▶ SOURCE DATA
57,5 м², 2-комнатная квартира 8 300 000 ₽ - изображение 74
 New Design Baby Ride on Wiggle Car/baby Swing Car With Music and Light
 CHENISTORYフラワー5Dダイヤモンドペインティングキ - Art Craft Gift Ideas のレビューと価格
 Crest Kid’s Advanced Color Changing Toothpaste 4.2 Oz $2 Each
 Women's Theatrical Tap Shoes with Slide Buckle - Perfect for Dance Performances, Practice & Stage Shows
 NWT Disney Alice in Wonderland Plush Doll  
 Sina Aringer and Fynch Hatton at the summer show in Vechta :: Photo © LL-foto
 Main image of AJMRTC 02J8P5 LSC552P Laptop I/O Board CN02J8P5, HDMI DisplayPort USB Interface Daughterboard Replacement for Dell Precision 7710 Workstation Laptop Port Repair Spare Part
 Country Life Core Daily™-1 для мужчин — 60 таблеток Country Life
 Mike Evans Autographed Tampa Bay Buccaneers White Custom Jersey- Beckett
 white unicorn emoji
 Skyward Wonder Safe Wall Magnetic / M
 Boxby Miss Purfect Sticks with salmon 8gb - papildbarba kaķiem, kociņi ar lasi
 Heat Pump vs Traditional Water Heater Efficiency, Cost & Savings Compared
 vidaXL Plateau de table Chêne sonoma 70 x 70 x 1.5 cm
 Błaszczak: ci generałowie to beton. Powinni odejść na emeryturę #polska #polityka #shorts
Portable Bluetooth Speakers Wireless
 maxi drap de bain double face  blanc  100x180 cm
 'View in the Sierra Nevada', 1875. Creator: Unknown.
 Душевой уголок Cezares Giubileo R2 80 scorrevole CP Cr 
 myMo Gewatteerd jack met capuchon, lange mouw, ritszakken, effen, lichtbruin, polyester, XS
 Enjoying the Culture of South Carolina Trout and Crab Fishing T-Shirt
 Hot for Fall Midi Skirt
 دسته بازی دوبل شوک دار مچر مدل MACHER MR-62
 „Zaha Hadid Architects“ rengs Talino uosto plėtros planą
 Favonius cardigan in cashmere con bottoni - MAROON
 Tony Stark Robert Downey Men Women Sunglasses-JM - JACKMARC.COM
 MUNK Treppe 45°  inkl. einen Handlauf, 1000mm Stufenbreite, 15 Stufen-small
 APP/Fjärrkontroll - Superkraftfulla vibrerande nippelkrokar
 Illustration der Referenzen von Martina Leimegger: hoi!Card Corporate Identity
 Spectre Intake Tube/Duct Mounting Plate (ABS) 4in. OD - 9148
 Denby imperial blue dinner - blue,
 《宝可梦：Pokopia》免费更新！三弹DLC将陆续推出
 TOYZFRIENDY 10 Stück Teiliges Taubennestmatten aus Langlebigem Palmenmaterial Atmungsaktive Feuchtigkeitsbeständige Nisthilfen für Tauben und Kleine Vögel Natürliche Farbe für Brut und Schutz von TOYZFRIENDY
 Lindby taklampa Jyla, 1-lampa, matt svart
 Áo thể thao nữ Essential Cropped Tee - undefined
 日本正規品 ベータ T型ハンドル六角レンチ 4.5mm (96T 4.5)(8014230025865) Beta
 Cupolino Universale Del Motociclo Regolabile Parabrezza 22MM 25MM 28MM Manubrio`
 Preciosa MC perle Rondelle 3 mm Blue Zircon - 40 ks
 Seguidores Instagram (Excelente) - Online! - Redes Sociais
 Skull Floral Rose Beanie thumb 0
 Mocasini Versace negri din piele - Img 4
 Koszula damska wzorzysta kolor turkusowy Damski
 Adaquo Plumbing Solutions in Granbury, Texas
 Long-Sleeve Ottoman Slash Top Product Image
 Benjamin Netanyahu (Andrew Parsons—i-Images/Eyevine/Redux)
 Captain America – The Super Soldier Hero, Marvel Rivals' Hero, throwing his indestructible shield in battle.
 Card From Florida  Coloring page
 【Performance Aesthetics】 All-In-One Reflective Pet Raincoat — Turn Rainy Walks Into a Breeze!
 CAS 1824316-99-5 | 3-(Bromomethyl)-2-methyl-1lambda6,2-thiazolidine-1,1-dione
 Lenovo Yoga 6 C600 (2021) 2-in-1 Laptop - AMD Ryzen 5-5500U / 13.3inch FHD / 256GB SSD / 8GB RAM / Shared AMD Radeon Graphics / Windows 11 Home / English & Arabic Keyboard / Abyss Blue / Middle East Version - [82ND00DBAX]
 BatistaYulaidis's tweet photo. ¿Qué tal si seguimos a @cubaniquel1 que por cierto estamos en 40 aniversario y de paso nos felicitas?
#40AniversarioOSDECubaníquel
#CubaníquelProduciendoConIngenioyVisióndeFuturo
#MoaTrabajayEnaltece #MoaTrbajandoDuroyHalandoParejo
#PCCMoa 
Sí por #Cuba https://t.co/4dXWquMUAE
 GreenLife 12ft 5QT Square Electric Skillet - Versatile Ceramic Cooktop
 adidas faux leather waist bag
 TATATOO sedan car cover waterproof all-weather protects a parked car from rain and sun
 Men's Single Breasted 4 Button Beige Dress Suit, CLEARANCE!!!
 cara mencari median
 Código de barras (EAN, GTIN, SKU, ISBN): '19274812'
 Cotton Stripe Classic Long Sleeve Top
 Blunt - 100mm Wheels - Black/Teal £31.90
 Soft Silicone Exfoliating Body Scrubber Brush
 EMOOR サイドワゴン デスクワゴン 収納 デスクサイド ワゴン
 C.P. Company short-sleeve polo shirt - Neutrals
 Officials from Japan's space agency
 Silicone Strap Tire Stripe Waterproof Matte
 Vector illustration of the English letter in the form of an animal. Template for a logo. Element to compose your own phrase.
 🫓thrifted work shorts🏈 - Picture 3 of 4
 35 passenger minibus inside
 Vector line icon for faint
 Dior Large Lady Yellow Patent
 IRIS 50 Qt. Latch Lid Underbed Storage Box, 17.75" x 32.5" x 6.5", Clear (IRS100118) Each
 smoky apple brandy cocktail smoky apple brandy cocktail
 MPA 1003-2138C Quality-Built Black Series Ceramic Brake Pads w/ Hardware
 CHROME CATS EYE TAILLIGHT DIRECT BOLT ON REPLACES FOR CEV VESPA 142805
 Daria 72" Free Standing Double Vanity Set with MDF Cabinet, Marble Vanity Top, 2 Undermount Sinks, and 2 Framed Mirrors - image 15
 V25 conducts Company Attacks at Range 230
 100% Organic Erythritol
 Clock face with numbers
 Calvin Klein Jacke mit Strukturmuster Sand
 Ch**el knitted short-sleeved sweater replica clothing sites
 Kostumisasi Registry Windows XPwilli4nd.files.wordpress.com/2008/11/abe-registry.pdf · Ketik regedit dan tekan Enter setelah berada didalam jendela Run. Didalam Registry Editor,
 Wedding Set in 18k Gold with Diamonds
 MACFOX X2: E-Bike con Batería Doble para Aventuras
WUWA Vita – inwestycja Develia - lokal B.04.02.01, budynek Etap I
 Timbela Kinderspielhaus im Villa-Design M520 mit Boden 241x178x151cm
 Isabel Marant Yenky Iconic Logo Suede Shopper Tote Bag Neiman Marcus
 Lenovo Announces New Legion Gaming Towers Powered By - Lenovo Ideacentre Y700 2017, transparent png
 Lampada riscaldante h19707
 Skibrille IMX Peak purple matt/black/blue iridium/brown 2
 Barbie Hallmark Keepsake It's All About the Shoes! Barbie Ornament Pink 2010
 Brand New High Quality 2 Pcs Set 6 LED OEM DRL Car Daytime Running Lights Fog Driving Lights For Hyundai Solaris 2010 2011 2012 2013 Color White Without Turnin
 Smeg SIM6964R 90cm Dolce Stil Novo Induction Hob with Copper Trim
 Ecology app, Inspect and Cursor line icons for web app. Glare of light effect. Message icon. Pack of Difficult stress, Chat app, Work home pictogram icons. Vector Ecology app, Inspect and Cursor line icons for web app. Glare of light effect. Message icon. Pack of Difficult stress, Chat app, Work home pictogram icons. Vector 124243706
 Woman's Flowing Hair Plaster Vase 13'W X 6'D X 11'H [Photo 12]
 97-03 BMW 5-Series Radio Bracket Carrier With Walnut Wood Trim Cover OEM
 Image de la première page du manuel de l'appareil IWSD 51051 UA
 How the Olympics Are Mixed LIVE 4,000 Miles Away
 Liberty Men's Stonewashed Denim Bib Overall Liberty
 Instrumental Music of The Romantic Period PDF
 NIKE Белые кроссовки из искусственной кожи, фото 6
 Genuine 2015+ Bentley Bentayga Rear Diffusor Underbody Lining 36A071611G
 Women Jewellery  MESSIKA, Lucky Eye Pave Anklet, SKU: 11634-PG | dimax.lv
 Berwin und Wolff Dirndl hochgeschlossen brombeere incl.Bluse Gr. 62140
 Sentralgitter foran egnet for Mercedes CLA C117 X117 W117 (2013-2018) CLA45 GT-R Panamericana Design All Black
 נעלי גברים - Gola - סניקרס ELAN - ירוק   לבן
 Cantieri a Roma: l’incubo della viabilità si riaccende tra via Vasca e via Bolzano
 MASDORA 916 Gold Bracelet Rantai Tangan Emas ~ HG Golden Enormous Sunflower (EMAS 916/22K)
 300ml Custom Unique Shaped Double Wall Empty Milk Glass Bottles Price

▶ PROBLEM TO SOLVE
Would you print exactly the lines from the first line of the entries above through the line that has "Crest Kid’s Advanced", both included, and stop there?

▶ RESULT FOR THIS EXERCISE
57,5 м², 2-комнатная квартира 8 300 000 ₽ - изображение 74
 New Design Baby Ride on Wiggle Car/baby Swing Car With Music and Light
 CHENISTORYフラワー5Dダイヤモンドペインティングキ - Art Craft Gift Ideas のレビューと価格
 Crest Kid’s Advanced Color Changing Toothpaste 4.2 Oz $2 Each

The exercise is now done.